When Suzuru Otanashi wakes up he finds himself in a strange new world. Apparently he has died and is now living in an eternal high school setting made up of others like himself; without a sense of peace in the way that they died or how they lived. Living the normal high school lives they never got to have on their own, this is where people go to come to peace with what they lived before being reborn into their new lives. All of which happens under the watchful eye of the student body president.
Right away, Otanashi meets the leader of a group that is taking a slightly different approach to the whole situation. Led by a girl named Yuri, the battlefront is a group of students who are taking the fight to the afterlife. In their new lives, they are heavily armed and do battle against the student council president, Angel, in an attempt to get a message to god: we’re pissed with how you screwed with our lives. The students will draw blood and die many times each in order to take over the school and get revenge for their tragic lives which were cut short.
Good and the Bad
Forgive the past and look forward to the future. That is the overall theme and lesson that I took away from Angel Beats as I watched every episode and thought about the harsh realities that each of these characters dealt with. It’s a hard theme to do well but this is a series that does.

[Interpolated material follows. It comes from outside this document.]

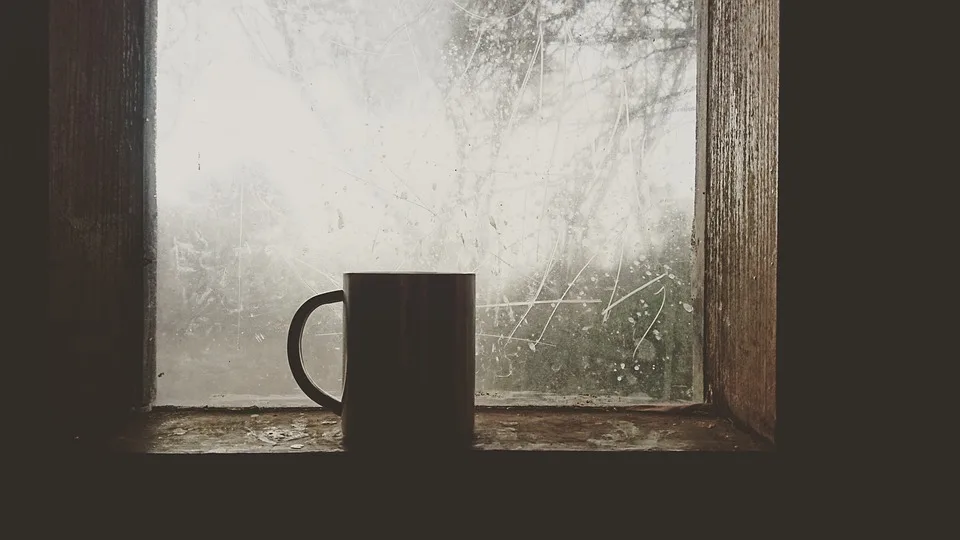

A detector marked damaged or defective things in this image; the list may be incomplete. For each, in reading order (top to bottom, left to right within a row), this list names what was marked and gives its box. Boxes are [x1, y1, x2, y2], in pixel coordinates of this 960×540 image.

damaged school window [156, 0, 696, 404]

Written by Jun Maeda, directed by Seiji Kishi and produced by visual novel studio Key, Angel Beats is a series that is flawed but forgivable. The animation quality from PA Works is never quite perfect and is dogged by Yuri’s character design being another Haruhi Suzumiya rip off but you look past this because of the fluid battle sequences and the touching moments that such as during a late embrace in the final episode that do look good.
Then there’s the constant location labeling with every scene telling the audience exactly where each scene was taking place. If the series were any more detailed about this you could use them to draw a map of the school. It made the series feel more like a visual novel than it needed to and were even downright distracting at times.
However, Angel Beats manages to tell a soft heartfelt series of adventures all about the members of the battlefront, teenagers who now inhabit an endless high school setting as they wait to come to peace with the lives they once led. The group is composed of a large variety of characters that never seen to overlap with each other. While not everyone will be able to serve a real purpose to the series (Sorry TK), the ones that do serve a real purpose though stand out against each other quite well. The cast of characters even does it’s best to avoid being overly moe (naturally there are exceptions like Yui and Kanade but for the record my favorite was the ever cynical Shiina).
As the group does battle, where the series truly shines is in the introduction of the character’s histories. While not everyone’s past is revealed, there are still a number of them which will tug at your heartstrings. Slowly revealing these stories, the series does it’s best work when it is trying to make you sympathize with a character. Where the series falls apart however is in the overall narrative which never really finds a complete feeling.
Relying more on episodic stories, the series never feels very well put together with its story telling. Once the series breaks away from the characters, the rest of the series generally relies on the missions of the battlefront which mostly follow similar veins for most of the series: an endless arsenal of weapons made from dirt, an endless stream of jokes based on characters getting ‘killed’ (they’re already dead so it’s not like they can truly die again in this world) and storytelling that feels forced for most it’s run time. Fortunately things come together reasonably well in the final act.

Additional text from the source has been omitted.